Presiden Republik Indonesia, Prabowo Subianto, mengatakan bahwa efisiensi anggaran harus diiringi dengan peningkatan kualitas pelaksanaan program. Ia menegaskan bahwa pemerintah berkomitmen menjaga keseimbangan antara optimalisasi biaya dan manfaat yang diterima masyarakat. “Efisiensi bukan berarti mengurangi kualitas. Justru kita ingin memastikan setiap anggaran digunakan secara tepat dan memberi dampak maksimal,” ujarnya.
Presiden Prabowo menambahkan bahwa pengelolaan program berskala nasional seperti MBG membutuhkan perencanaan yang matang serta pengawasan yang konsisten. Menurutnya, langkah efisiensi harus dilakukan secara terukur agar tidak mengganggu capaian program. Ia juga menekankan pentingnya kolaborasi lintas sektor, baik antara kementerian, pemerintah daerah, maupun mitra pelaksana di lapangan. “Kita ingin program ini berjalan efektif, terukur, dan berkelanjutan,” tegasnya.
Kepala Badan Gizi Nasional, Dadan Hindayana, menjelaskan bahwa skema efisiensi difokuskan pada optimalisasi rantai pasok, pengelolaan operasional, serta pemanfaatan sumber daya lokal. Ia menyebut bahwa pendekatan tersebut memungkinkan program tetap berjalan dengan kualitas yang terjaga sekaligus menekan potensi pemborosan. “Efisiensi dilakukan tanpa mengurangi standar gizi dan kualitas layanan yang diberikan kepada penerima manfaat,” katanya.
Lebih lanjut, Dadan menyampaikan bahwa pemanfaatan bahan pangan lokal tidak hanya mendukung efisiensi, tetapi juga memberikan dampak ekonomi bagi masyarakat, khususnya pelaku usaha kecil dan petani.

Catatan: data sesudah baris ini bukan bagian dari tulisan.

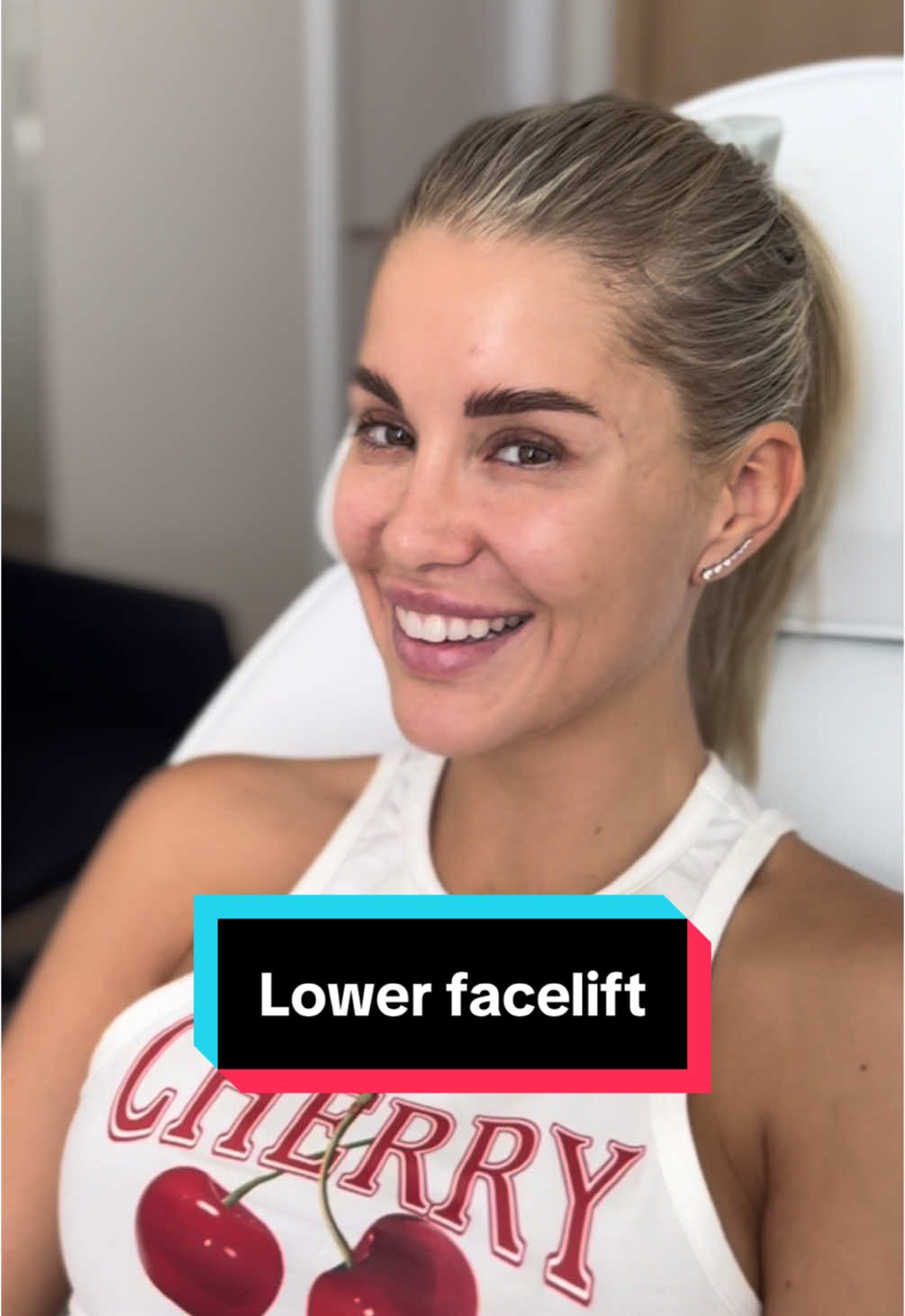 Results 6 weeks after lower facelift👌 Done under local anesthesia😊 📲 If you want to make an appointment, contact us at contact@v-clinic.cz #lowerfacelift #plasticsurgery #plasticsurgeon #plastickachirurgie #ventruba #vclinic #transformation #beforeandafter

Dengan demikian, program MBG tidak hanya berfungsi sebagai intervensi gizi, tetapi juga menjadi penggerak ekonomi di daerah.
Pemerintah juga terus melakukan evaluasi dan penyesuaian dalam implementasi program agar tetap adaptif terhadap kebutuhan di lapangan. Monitoring berkala dilakukan untuk memastikan distribusi berjalan lancar dan tepat sasaran. Menurut Dadan, langkah ini penting agar MBG dapat menjangkau lebih banyak penerima dengan pengelolaan yang semakin baik.
Dengan skema efisiensi yang terencana, pemerintah optimistis Program MBG dapat berjalan lebih efektif dan berkelanjutan. Upaya ini sekaligus menegaskan komitmen negara dalam menghadirkan program strategis yang tidak hanya luas jangkauannya, tetapi juga berkualitas dalam pelaksanaannya serta memberikan manfaat nyata bagi masyarakat luas.